Motion in Games

In my sixth video from the “Building a Game Development Framework” series, I demonstrate how to build a robust Motion System on top of the LibGDX framework. This system is designed to simplify how character animations are managed and triggered based on the movement direction.

The core of this system is the Motion interface. Similar to the Animation class from the earlier videos, the “motion” encapsulates all the possible animations for a character (e.g., walking north, south, east and west) and decides which one to play base on the character’s current heading.

To handle the movement logic, I introduce a Direction class that uses the FastMath utility class for performance. This class contains:

  • Pythagorean Theorem & Angles: It calculates the angle of movement between an origin and destination.
  • Cardinal Directions: It includes methods to snap to a precise degree (0–360) to the nearest 4-way (North, South, East, West) or 8-way cardinal directions.
  • Normalization: A helper method ensures angles always stay within the 0 to 360-degree range.

I developed classes in the framework to be used depending on how complex your character’s visuals are:

  • Single Motion: Displays the same animation regardless of direction (useful for objects like a spinning coin or a single Animation).
  • Two-Way Motion: Switches between two animations, typically for horizontal (left/right) or vertical (up/down) movement.
  • Four-Way & Eight-Way Motion: These implementations map animations to the standard cardinal and inter-cardinal directions. I show how to streamline this by creating constructors that take a single sprite sheet and automatically slice the necessary frames for each direction.

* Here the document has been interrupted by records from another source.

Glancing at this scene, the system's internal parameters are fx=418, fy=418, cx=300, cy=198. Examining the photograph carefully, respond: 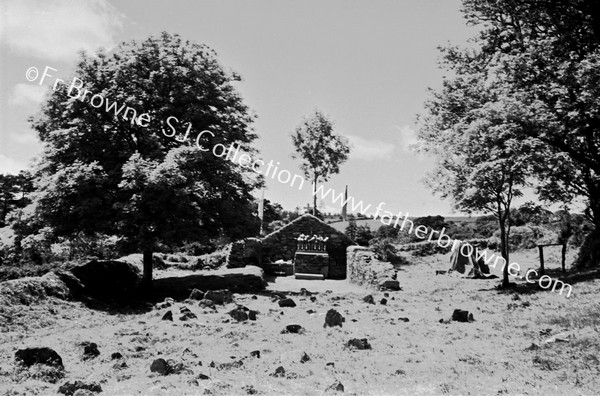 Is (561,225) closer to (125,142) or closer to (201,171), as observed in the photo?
(201,171)

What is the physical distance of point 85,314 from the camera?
11367mm

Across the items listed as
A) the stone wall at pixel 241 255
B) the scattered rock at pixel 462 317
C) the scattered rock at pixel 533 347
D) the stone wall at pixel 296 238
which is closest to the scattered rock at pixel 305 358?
the scattered rock at pixel 533 347

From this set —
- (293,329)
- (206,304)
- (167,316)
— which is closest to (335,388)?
(293,329)

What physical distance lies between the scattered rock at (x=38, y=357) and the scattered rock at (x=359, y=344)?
4.76 metres

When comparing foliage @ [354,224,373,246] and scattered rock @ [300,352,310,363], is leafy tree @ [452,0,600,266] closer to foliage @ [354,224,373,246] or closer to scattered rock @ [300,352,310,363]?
scattered rock @ [300,352,310,363]

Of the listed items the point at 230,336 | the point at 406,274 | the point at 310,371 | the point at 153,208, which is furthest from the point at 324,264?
the point at 310,371

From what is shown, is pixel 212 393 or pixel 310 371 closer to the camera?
pixel 212 393

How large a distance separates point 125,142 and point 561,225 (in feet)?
94.3

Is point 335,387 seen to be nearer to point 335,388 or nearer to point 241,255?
point 335,388

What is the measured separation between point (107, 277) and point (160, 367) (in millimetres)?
10855

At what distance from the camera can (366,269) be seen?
21188mm

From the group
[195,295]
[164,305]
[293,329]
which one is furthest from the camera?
[195,295]

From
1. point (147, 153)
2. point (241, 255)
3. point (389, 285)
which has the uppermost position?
point (147, 153)

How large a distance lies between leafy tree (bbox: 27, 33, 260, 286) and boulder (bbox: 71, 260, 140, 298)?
113cm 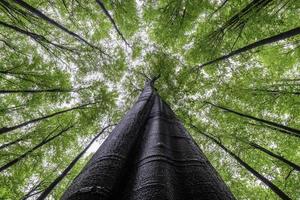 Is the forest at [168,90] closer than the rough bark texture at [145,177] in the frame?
No

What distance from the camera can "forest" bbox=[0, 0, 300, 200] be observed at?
257 inches

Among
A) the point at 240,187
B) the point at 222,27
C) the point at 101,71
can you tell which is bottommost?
the point at 240,187

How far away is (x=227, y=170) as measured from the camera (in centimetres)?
897

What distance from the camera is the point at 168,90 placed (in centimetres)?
987

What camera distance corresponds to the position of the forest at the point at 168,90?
6.54 m

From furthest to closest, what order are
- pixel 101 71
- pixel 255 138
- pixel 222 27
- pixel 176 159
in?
pixel 101 71 → pixel 255 138 → pixel 222 27 → pixel 176 159

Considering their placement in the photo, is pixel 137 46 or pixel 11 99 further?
pixel 137 46

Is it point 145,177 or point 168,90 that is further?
point 168,90

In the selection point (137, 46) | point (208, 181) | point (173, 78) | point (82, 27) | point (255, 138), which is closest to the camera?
point (208, 181)

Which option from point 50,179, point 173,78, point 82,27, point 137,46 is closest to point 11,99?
point 50,179

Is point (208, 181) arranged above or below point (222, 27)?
below

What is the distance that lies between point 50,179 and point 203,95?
25.7ft

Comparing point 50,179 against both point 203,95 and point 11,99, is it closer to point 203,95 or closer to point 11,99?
point 11,99

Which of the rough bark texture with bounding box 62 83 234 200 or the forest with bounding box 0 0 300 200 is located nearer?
A: the rough bark texture with bounding box 62 83 234 200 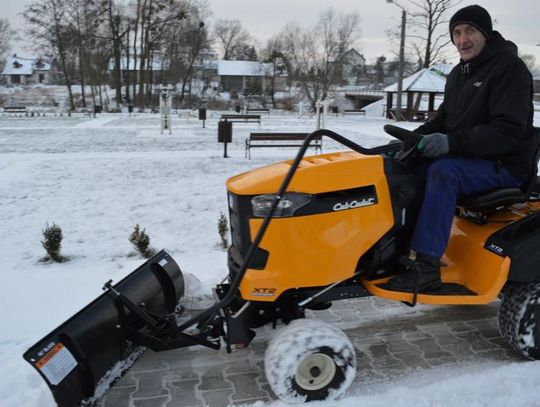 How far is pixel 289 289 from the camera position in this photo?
9.27 ft

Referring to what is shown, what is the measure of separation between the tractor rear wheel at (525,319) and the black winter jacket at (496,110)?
70cm

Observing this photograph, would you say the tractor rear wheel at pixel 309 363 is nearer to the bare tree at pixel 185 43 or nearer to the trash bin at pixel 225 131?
the trash bin at pixel 225 131

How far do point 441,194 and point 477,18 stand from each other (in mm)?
1136

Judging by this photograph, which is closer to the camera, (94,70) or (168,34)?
(94,70)

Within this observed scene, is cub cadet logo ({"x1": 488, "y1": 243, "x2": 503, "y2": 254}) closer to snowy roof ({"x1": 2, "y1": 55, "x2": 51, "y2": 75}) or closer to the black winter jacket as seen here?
the black winter jacket

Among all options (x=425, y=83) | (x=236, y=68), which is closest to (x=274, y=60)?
(x=236, y=68)

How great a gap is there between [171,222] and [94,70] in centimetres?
4183

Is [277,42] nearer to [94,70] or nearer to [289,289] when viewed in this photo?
[94,70]

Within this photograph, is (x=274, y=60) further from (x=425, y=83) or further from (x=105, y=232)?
(x=105, y=232)

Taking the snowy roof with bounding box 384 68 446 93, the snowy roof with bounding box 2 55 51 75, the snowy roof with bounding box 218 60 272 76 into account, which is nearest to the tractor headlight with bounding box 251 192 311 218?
the snowy roof with bounding box 384 68 446 93

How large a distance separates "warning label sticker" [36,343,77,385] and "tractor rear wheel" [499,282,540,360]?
254cm

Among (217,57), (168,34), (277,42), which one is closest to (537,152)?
(168,34)

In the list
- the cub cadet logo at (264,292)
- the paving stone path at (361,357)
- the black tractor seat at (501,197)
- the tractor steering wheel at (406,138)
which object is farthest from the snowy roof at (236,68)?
the cub cadet logo at (264,292)

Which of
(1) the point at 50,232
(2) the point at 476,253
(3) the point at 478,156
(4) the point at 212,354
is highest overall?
(3) the point at 478,156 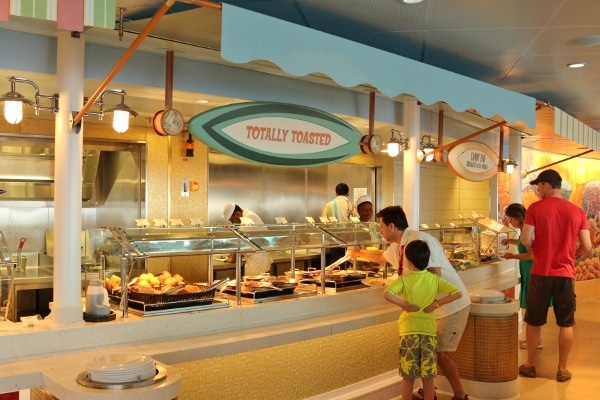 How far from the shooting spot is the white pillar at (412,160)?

Since the Motion class contains Animations, it supports the Animation’s set color method, making it easy to change the color.

A significant addition, I added, is the LayeredAnimation class. This allows you to stack multiple animations on top of each other. This Animation class allows several Animations to be treated as a single Animation, layering them to produce a single object. The first Animation added is the bottom layer, and subsequent additions are rendered on top. Here I demonstrated with the “Magic Egg”, with a ring and egg underneath it. This allows us to color these two separately.

This modular approach allows game developers to change a character’s “Motion” type (e.g., from 4-way to 8-way) without rewriting their core game logic, making the framework highly flexible for different art styles.